In the records below, the lines between the one holding "23 John Dalley Drive, Helensvale QLD 4212" and the one holding "La Maison Pop", inclusive, are to be transcribed exactly; no pictures are to be included.

→ Data records
==================================================
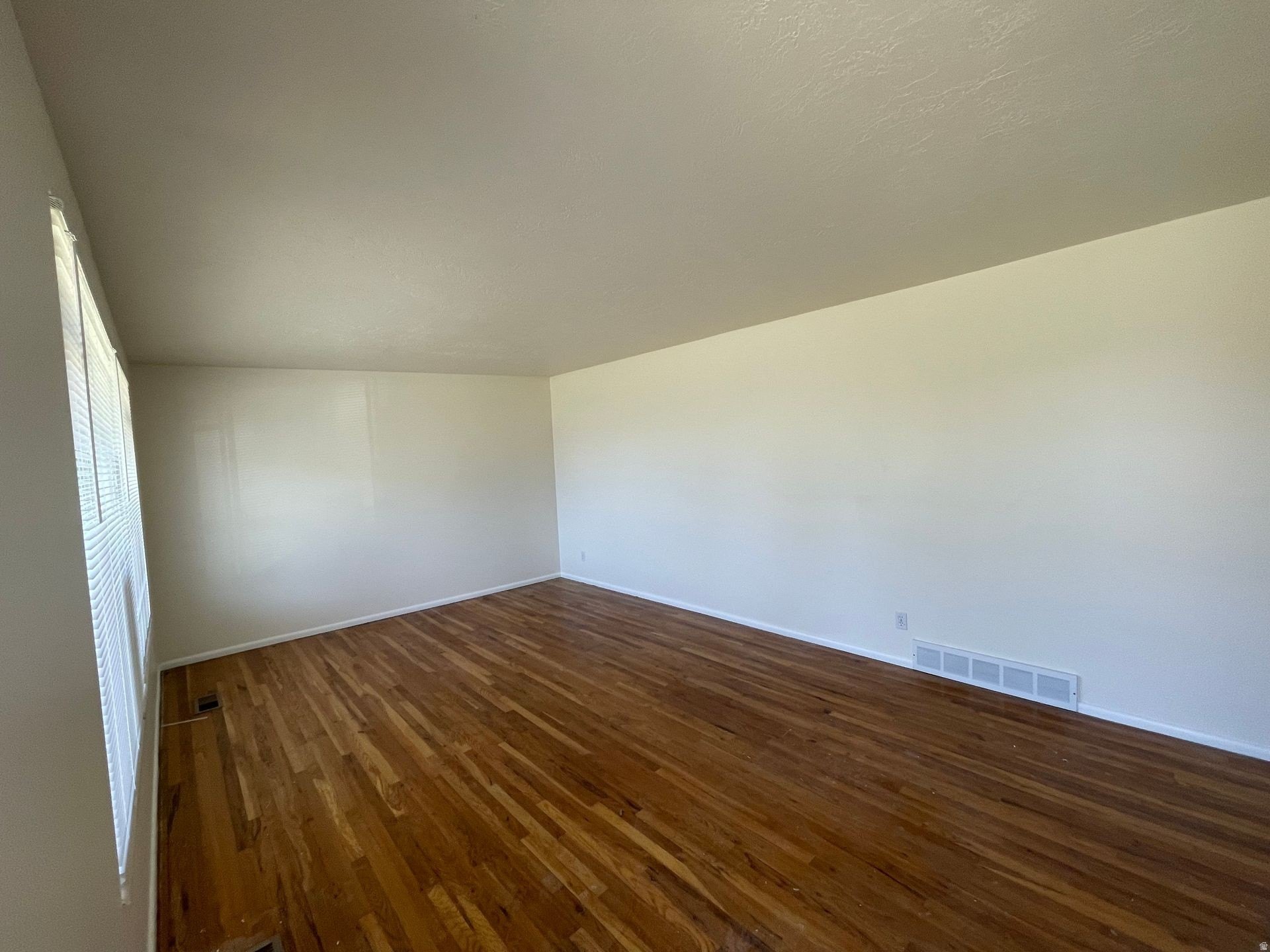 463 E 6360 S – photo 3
==================================================
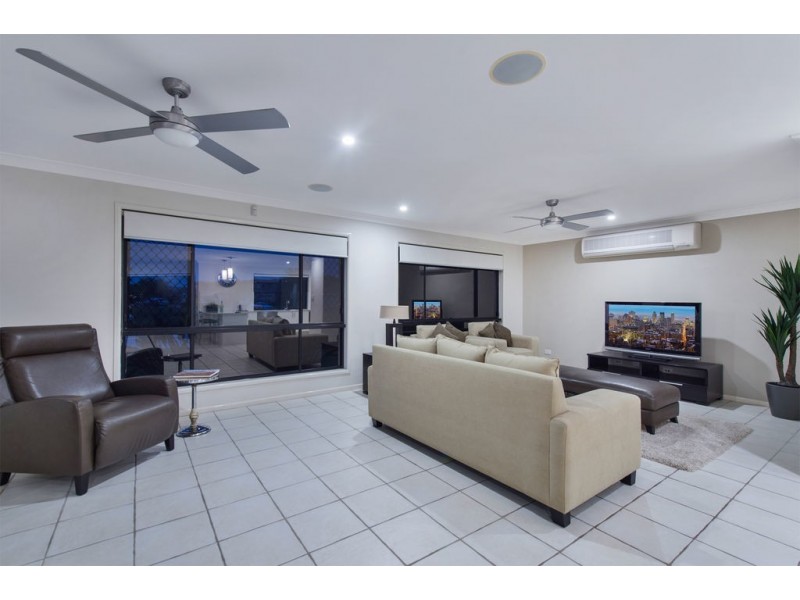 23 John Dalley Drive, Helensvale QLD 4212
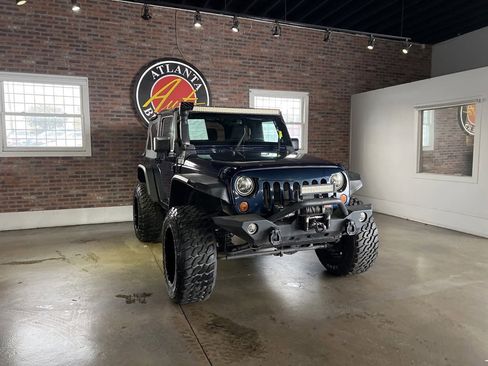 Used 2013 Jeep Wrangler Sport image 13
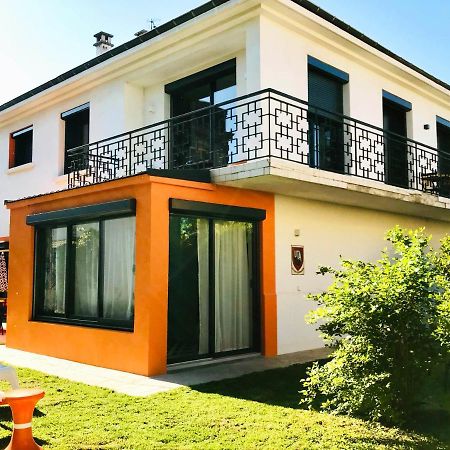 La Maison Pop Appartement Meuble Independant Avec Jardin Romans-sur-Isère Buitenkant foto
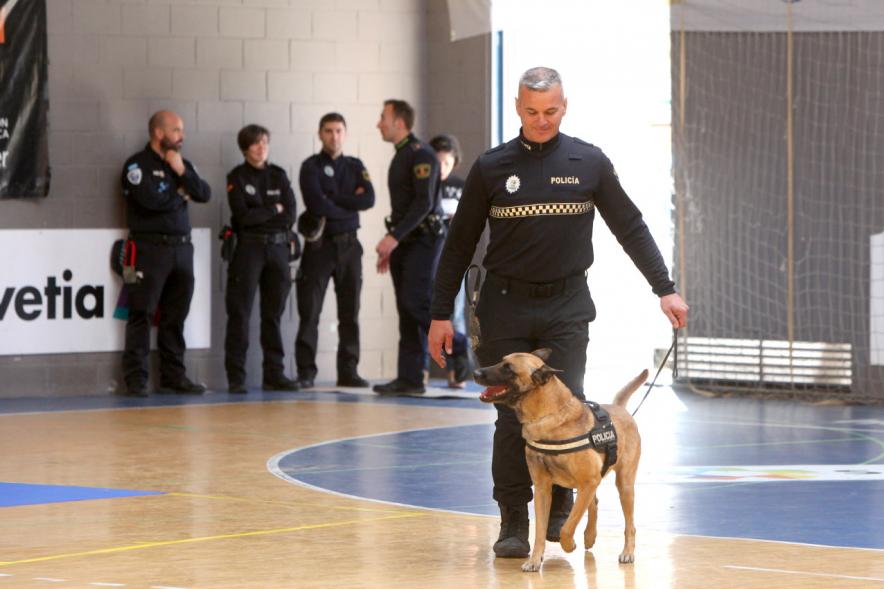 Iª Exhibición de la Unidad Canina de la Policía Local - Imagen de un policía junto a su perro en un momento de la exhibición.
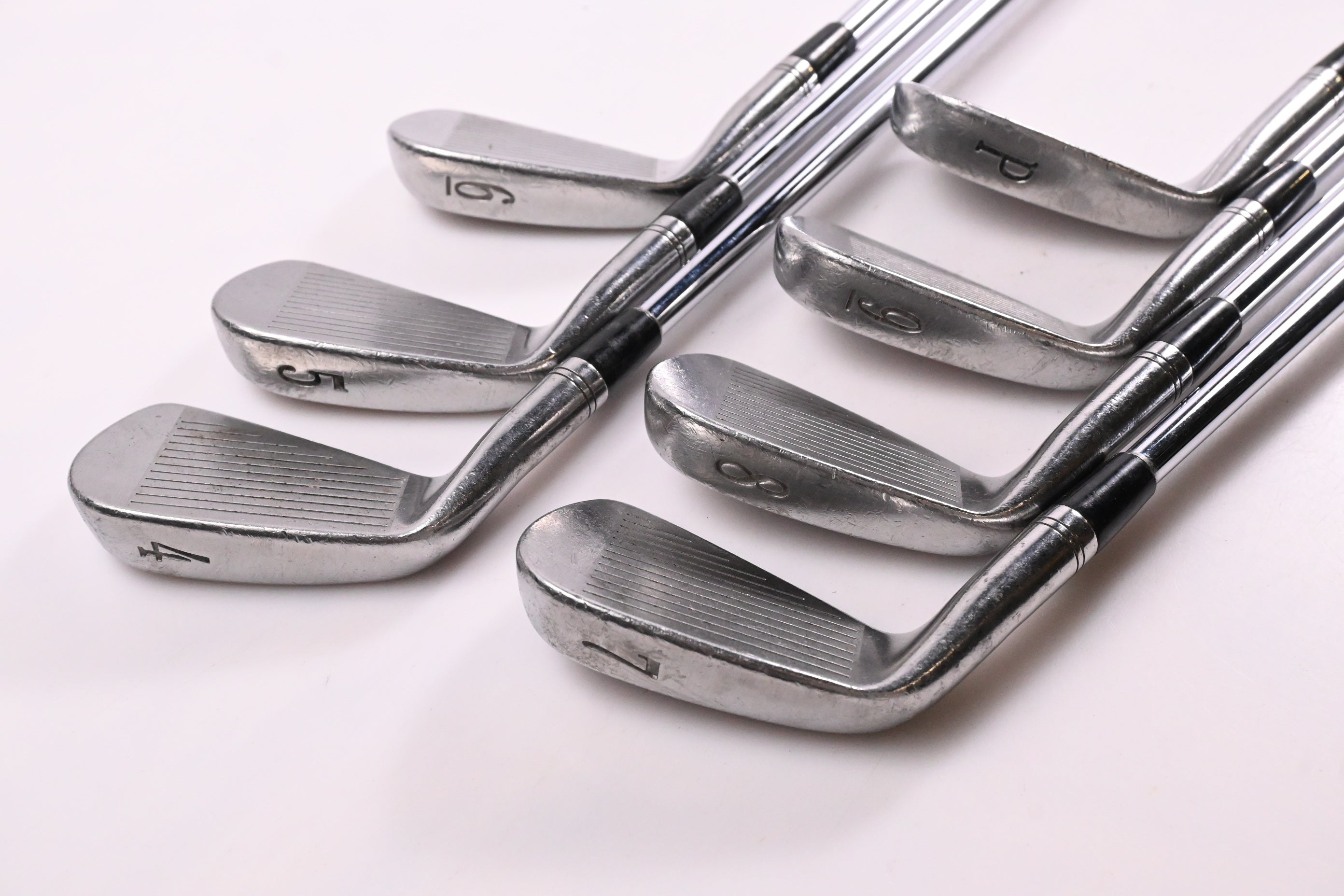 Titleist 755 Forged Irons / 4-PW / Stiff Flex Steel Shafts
==================================================
→ Response below
 23 John Dalley Drive, Helensvale QLD 4212
 Used 2013 Jeep Wrangler Sport image 13
 La Maison Pop Appartement Meuble Independant Avec Jardin Romans-sur-Isère Buitenkant foto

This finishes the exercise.